***** INPUT DATA

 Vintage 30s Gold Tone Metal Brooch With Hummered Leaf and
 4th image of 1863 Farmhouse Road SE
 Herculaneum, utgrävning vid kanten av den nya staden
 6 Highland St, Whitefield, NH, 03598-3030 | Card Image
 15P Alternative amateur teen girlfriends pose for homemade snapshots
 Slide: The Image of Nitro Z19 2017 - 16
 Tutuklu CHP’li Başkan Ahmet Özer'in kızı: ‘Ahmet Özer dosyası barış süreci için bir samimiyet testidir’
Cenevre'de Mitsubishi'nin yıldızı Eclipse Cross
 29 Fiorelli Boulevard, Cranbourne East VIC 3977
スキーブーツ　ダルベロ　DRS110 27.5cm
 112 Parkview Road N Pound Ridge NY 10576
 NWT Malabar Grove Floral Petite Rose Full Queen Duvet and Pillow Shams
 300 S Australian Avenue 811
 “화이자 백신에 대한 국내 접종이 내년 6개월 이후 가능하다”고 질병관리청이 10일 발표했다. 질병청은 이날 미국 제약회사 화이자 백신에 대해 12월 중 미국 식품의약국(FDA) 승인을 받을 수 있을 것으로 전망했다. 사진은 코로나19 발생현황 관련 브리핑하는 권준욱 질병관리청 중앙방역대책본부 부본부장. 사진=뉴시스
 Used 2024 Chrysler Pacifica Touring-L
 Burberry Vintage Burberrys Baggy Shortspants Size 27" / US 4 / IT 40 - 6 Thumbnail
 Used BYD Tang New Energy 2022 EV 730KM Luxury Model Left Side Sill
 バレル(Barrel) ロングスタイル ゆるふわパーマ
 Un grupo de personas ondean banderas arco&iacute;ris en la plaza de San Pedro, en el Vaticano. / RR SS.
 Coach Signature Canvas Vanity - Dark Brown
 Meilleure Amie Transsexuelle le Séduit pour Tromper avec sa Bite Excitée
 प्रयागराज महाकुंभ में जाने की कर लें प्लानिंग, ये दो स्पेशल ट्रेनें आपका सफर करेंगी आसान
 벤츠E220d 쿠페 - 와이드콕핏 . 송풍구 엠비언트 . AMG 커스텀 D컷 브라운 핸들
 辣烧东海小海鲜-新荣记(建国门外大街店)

**********

EXERCISE DIRECTIONS
Output exactly the lines from the one holding "Meilleure Amie Transsexuelle" to the end of the material above, with both ends included.

THE ANSWER
 Meilleure Amie Transsexuelle le Séduit pour Tromper avec sa Bite Excitée
 प्रयागराज महाकुंभ में जाने की कर लें प्लानिंग, ये दो स्पेशल ट्रेनें आपका सफर करेंगी आसान
 벤츠E220d 쿠페 - 와이드콕핏 . 송풍구 엠비언트 . AMG 커스텀 D컷 브라운 핸들
 辣烧东海小海鲜-新荣记(建国门外大街店)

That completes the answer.